A matter of interpretation


I just returned from four days in Banda Aceh, a place I had not visited before and  will see again.

Indonesia’s general elections are on April 9, and for Aceh, marks the first direct elections for the province. Much has been made of this. Violence has been predicted, intimidation by the military towards political parties, and political parties towards each other has been reported.

This very blog post is distracting me from all the official stories I’d like to write about my time there, so I’ll keep this sort of short.

What will stay in my mind most clearly are the discussions I had with various people in Aceh about Islam, about the way it’s interpreted and implemented. And the various opinions as to how much the religion is weaved in with democracy and the rights of women.

No small part of why I am in Indonesia has to do with my own reflections about the last point. That for another post, perhaps.
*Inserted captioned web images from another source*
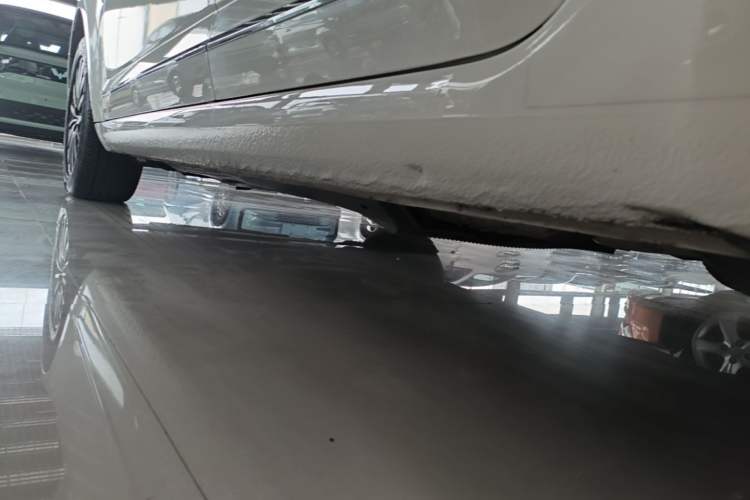 Used Skoda Octavia 2018 TSI230 DSG Luxury Edition Left Side Sill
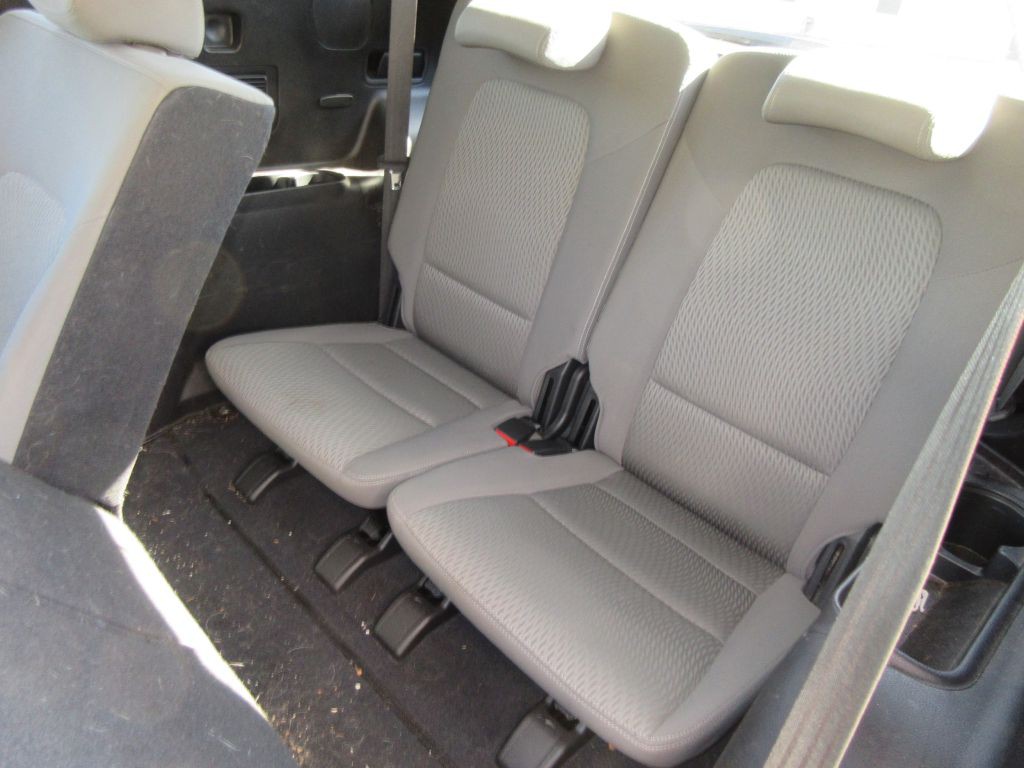 2014 Hyundai Santa Fe Image 12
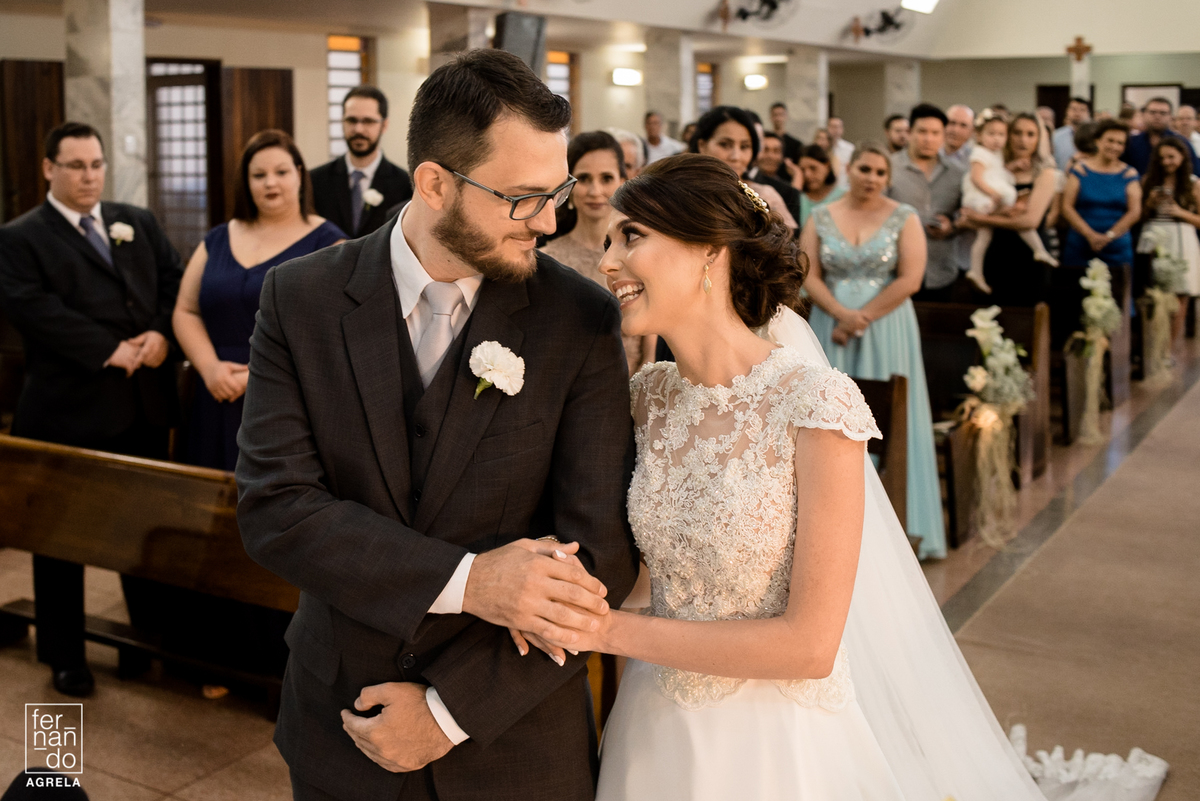 noivos se olhando com carinho durante a cerimonia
But then I got back from Aceh, and came across this article with Muhammad Hasan, the self-proclaimed leader of the Palembang terrorist group responsible for, among other things, blotting to bomb a small cafe in West Sumatra because, in his words:

“My friends and I are not guilty according to the Koran,” Hasan told the Jakarta Globe. “We are fighting against infidels who insult and kill Muslims. We avenge the murder of Muslims in Iraq, Afghanistan and Palestine by America and Israel.”

Errr… in West Sumatra and Singapore?

A few more choice quotes:

Hasan said he deserved a reward for fighting against those who disobeyed Allah.

“But here I am, being prosecuted under the Anti-Terrorism Law in the country with the biggest Muslim population in the world,” he said from inside his cell in the South Jakarta District Court. “Shame on [President] Susilo Bambang Yudhoyono and [Vice President] Jusuf Kalla. They must be replaced by those who are willing to uphold Islamic law based on the Koran.”

Hasan, who faces 20 years in jail for his role in the planned terror attack, said he would not deny being the group’s leader. “But I will not accept my prosecution under a law prepared by infidels,” he said. “I must be freed and compensated for being illegally detained.”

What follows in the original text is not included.